Like I said, this is my second novel. You would think that I must have learned a lot. I don't know. But, now is as good a time as any to look back at the process of selling the first book.
I started by looking for an agent. We went to the Literary Marketplace, a giant book with hundreds if not thousands of publishers and agents.
From this, we culled the top 80 agencies and sent out query letters. Some nibbles. Mailed a few chapters. No bites. We tried this a few times because it's fun to spend hundreds of dollars on postage and wait for weeks. The highlight of the experience for me was one terriffic rejection letter. Mind you, I received many dozens, but this one was special. This one agency sent me a rejection letter that recapped the entire novel in as thrilling a manner as you can imagine. After all that, I couldn't believe they didn't want to represent it. I think it must have been done by an intern who was trying to prove themselves to the agency.
After that, back to the Big Book to look at publishers. I sent a query to every house that would accept unagented submissions. I started with the big houses, then the medium houses and then everyone else. I actually got a bite and, after a few months and a brutal round of edits, Brand Loyalty was released. It meant a lot to me that someone was prepared to put their time, talent and money into my story.

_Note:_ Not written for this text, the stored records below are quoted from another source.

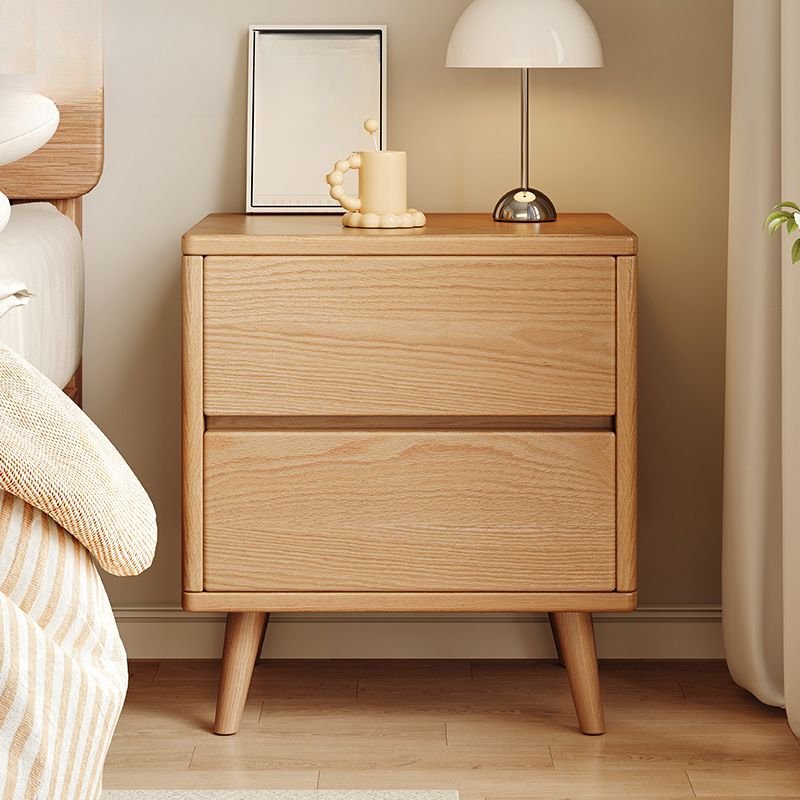 Trendy Nightstand With Drawer Storage in Natural Wood with Leg and 2 Drawers, Natural, 20"L x 16"W x 20.5"H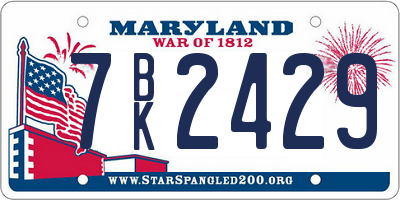 MD license plate 7BK2429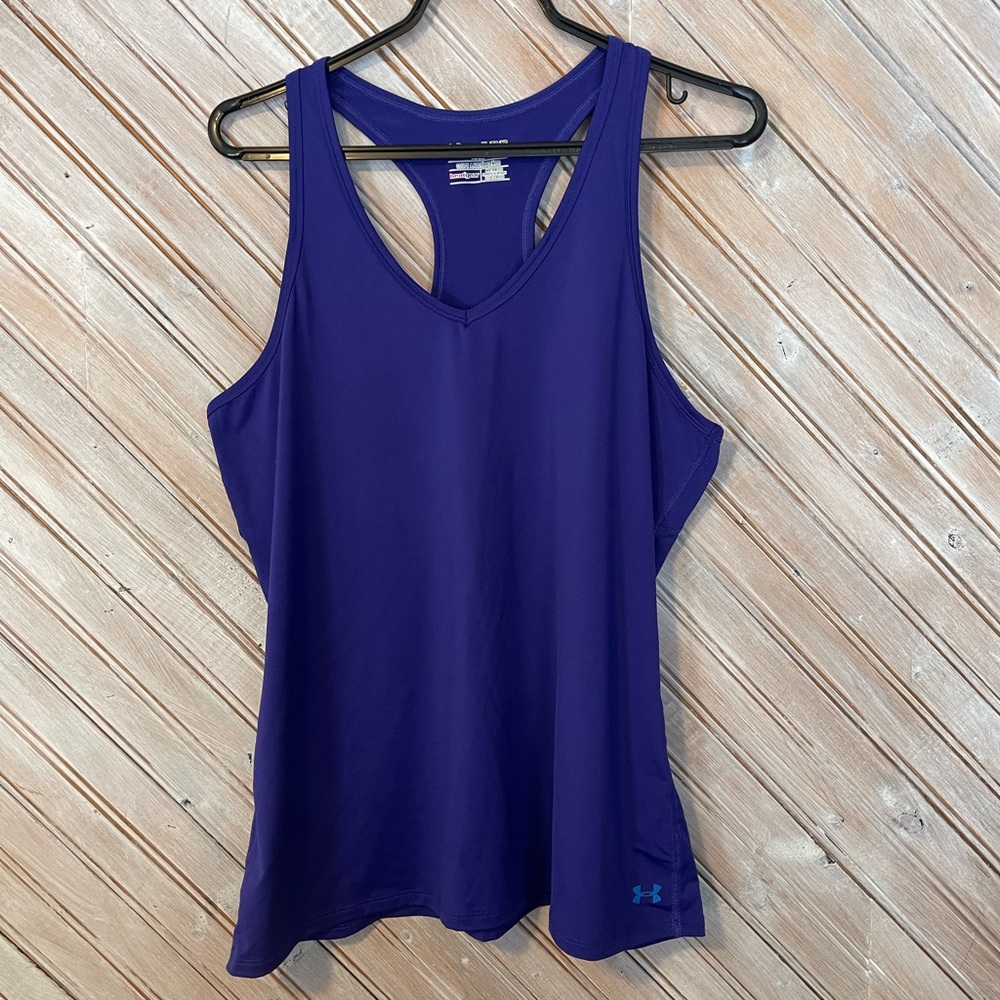 Under Armour blue purple XL fitted heat gear tank top V neck workout athletic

Even so, promotion-wise, with small houses you are pretty much on your own. A small publisher may have the connections to create links to 50 or more internet sites, but that's not what drives sales.
I was lucky. I work for a company with a few thousand employees. Those co-workers drove a lot of my sales. Some bought the novel out of kindness, some out of curiosity, some because they expected it to be terrible and scorn-worthy. Turn's out, for a lot of reasons, Brand Loyalty is a good mystery novel. That created a tiny fan base that has been waiting for me to get it together and release another story.
Those are the people I work for. Those are the people I worry about. Those are the people for whom I dangle participles.